RECORDED DATA =
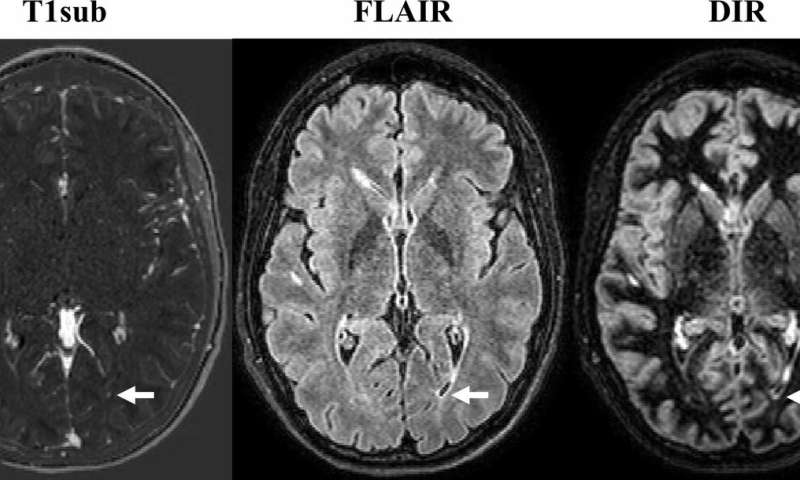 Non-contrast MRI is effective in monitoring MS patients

---

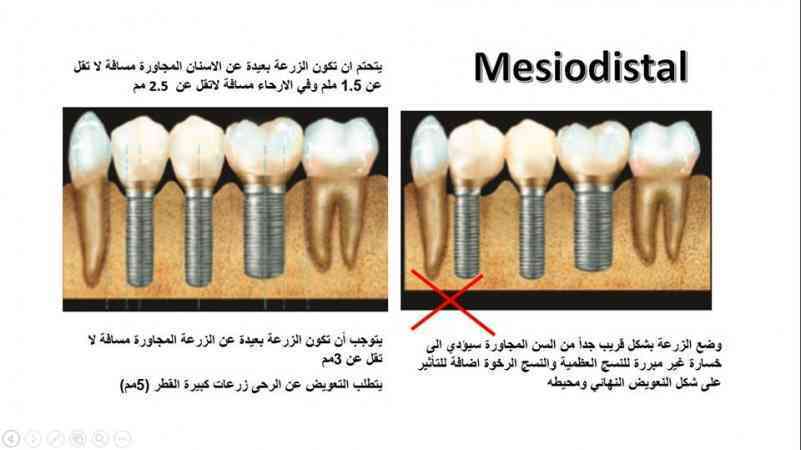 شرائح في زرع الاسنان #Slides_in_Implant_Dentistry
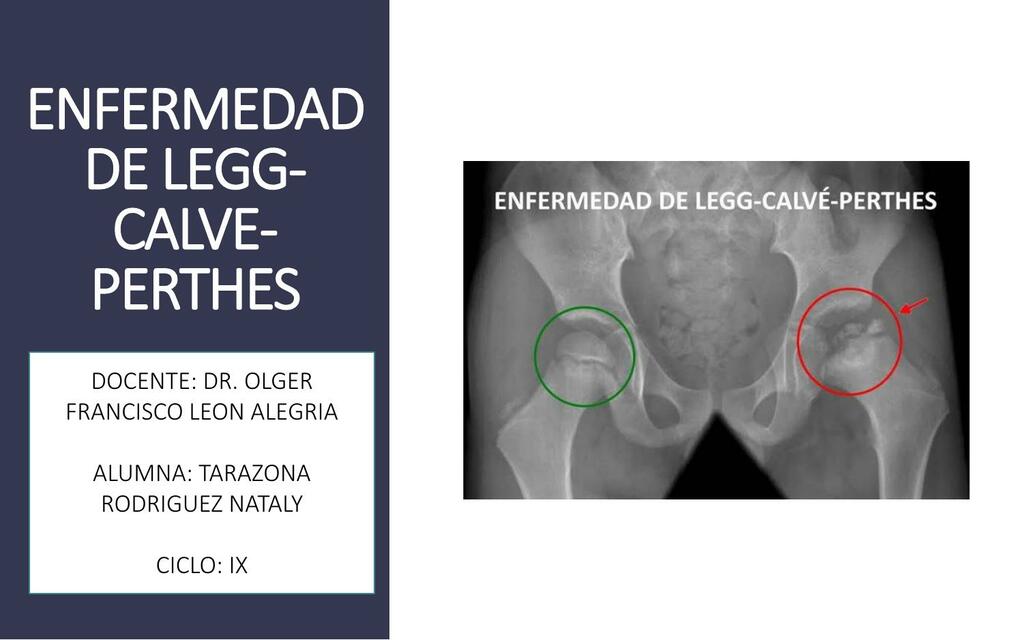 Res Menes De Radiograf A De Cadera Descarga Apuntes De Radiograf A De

==

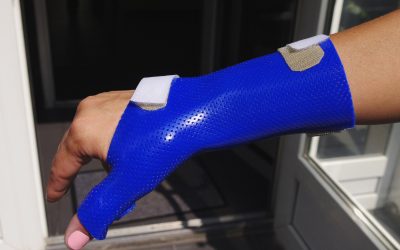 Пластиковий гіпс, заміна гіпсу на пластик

WORK TO COMPLETE =
Return only the stretch above from the line containing "شرائح في زرع" through the line containing "Res Menes De", word for word and without pictures.

EXERCISE RESULT =
 شرائح في زرع الاسنان #Slides_in_Implant_Dentistry
 Res Menes De Radiograf A De Cadera Descarga Apuntes De Radiograf A De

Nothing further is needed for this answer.